▶ _TRY IT_
Lines to restate from the data below: from the one containing "Trade Shop - Decoder" to the one containing "Color code: RGB 192 233 67 | qconv.com", both included. Give them again exactly, and only them.

▶ _DATASET CONTENT_
————

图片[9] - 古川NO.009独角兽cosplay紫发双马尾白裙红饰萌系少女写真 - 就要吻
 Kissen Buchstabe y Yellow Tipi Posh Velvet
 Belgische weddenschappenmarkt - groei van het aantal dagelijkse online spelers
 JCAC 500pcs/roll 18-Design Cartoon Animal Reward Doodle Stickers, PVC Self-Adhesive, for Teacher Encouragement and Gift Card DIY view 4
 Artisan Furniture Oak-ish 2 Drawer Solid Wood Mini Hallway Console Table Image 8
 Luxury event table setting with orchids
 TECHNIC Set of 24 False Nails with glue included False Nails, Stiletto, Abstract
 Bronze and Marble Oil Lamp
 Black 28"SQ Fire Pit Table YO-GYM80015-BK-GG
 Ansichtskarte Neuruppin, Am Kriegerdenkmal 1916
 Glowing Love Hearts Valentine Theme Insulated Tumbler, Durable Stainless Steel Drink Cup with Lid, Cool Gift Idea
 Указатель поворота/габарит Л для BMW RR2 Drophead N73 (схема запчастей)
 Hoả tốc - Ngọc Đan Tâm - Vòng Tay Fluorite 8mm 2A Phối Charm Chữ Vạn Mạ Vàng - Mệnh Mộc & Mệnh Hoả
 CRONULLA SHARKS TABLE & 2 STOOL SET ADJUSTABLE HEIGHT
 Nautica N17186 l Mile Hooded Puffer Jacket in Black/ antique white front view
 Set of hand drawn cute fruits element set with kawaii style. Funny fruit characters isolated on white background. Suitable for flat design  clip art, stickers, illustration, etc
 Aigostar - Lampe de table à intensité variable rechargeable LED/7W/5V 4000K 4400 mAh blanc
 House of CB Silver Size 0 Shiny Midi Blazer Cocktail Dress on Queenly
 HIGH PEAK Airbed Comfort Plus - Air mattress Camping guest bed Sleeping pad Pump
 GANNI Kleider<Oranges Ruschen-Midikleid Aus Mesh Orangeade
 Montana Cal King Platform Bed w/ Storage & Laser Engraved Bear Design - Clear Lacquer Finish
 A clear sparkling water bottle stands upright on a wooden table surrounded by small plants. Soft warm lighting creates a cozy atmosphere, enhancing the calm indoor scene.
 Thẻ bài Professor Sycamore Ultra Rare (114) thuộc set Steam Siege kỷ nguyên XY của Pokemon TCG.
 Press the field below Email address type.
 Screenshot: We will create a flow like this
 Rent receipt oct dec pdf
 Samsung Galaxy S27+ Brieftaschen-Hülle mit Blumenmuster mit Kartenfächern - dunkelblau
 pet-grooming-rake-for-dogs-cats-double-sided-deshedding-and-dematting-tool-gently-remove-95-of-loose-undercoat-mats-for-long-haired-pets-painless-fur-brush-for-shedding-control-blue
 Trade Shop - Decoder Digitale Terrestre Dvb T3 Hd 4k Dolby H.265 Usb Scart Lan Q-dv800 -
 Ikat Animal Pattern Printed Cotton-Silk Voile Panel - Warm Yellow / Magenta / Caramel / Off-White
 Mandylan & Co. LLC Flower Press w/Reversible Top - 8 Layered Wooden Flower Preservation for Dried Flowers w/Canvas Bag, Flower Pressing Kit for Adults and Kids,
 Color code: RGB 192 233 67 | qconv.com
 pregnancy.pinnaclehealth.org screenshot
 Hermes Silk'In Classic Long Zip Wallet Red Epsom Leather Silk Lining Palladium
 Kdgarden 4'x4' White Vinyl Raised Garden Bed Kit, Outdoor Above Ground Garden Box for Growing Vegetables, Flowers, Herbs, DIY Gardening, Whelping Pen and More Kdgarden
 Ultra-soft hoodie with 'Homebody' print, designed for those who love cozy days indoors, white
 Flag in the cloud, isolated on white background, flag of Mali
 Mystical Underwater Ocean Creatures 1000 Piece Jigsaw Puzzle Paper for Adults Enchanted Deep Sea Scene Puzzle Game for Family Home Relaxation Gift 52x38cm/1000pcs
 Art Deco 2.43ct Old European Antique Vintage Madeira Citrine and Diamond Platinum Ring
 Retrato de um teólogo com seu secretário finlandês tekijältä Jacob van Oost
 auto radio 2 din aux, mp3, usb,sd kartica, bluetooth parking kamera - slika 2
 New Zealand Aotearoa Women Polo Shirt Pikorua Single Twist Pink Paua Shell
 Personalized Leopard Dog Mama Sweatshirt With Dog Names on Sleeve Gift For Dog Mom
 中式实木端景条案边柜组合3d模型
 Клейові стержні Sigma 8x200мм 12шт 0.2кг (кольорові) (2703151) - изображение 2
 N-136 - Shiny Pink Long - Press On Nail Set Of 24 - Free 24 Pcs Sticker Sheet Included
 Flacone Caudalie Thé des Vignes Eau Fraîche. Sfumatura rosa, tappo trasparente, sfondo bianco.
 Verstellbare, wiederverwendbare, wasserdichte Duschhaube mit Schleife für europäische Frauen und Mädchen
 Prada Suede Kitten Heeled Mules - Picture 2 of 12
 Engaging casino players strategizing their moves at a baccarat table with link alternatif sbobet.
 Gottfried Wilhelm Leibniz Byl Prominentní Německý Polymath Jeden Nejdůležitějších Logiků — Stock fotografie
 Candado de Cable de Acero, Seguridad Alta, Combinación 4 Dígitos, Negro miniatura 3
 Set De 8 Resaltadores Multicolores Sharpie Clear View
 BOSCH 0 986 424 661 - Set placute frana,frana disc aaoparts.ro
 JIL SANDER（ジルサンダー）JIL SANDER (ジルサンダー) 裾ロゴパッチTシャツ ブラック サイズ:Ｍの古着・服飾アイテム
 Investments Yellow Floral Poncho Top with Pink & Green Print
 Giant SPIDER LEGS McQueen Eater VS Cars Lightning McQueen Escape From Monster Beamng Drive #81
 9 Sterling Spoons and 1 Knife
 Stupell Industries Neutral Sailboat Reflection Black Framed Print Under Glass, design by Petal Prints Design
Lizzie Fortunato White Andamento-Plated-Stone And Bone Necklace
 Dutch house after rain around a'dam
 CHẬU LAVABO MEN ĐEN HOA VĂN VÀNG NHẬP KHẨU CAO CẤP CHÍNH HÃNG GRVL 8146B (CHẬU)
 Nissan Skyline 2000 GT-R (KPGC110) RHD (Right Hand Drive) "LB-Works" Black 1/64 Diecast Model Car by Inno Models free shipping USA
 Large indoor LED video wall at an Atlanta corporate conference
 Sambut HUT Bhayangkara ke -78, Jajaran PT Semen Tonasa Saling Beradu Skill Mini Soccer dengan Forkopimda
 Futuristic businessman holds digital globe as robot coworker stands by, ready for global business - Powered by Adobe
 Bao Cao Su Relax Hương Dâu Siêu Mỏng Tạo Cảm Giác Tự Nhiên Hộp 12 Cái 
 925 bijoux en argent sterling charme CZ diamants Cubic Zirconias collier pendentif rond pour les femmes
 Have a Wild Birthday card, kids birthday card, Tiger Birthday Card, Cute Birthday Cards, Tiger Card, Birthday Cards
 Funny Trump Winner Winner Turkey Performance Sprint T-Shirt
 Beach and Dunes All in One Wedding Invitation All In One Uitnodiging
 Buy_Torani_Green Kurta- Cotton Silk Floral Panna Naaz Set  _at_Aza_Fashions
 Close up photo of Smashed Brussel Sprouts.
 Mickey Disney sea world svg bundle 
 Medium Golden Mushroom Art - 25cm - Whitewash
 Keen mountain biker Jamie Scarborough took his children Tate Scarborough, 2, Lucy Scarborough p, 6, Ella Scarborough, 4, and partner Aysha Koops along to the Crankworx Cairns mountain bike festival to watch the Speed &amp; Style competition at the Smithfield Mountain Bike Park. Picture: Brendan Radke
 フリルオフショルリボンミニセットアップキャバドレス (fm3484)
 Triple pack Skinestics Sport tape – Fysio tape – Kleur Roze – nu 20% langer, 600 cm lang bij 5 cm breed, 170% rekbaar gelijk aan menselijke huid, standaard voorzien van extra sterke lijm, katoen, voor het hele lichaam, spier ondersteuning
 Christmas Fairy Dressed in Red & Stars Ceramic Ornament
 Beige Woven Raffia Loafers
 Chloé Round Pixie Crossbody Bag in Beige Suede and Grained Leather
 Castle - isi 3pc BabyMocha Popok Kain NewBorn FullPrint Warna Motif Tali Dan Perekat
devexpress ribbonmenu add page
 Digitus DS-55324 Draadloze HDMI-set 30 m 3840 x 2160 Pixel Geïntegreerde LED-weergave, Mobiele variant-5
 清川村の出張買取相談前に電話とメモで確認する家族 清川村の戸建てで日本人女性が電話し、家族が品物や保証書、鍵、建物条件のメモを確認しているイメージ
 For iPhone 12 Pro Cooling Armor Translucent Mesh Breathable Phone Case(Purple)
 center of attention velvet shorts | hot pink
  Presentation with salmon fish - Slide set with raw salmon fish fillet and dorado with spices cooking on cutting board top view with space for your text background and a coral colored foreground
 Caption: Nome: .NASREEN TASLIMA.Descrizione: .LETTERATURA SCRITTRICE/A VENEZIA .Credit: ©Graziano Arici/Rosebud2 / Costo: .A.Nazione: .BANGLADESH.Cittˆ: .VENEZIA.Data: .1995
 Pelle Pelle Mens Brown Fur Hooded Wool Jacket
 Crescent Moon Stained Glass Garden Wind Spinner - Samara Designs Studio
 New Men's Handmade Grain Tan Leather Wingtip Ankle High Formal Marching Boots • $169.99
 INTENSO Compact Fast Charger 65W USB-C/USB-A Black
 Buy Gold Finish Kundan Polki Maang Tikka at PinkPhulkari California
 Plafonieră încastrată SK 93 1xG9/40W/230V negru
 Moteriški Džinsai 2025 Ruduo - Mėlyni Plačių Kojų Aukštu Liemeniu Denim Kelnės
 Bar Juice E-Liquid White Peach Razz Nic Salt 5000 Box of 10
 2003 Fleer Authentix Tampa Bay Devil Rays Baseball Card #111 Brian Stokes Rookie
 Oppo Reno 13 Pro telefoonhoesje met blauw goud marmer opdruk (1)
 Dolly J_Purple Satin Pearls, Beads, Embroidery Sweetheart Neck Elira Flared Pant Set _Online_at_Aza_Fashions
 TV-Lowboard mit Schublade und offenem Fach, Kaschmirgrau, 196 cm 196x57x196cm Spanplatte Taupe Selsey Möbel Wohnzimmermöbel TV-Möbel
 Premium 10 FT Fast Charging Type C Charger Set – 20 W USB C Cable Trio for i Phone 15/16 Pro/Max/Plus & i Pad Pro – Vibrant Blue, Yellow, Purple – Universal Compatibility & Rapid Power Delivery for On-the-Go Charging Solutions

————

▶ _SOLUTION TO THIS TASK_
 Trade Shop - Decoder Digitale Terrestre Dvb T3 Hd 4k Dolby H.265 Usb Scart Lan Q-dv800 -
 Ikat Animal Pattern Printed Cotton-Silk Voile Panel - Warm Yellow / Magenta / Caramel / Off-White
 Mandylan & Co. LLC Flower Press w/Reversible Top - 8 Layered Wooden Flower Preservation for Dried Flowers w/Canvas Bag, Flower Pressing Kit for Adults and Kids,
 Color code: RGB 192 233 67 | qconv.com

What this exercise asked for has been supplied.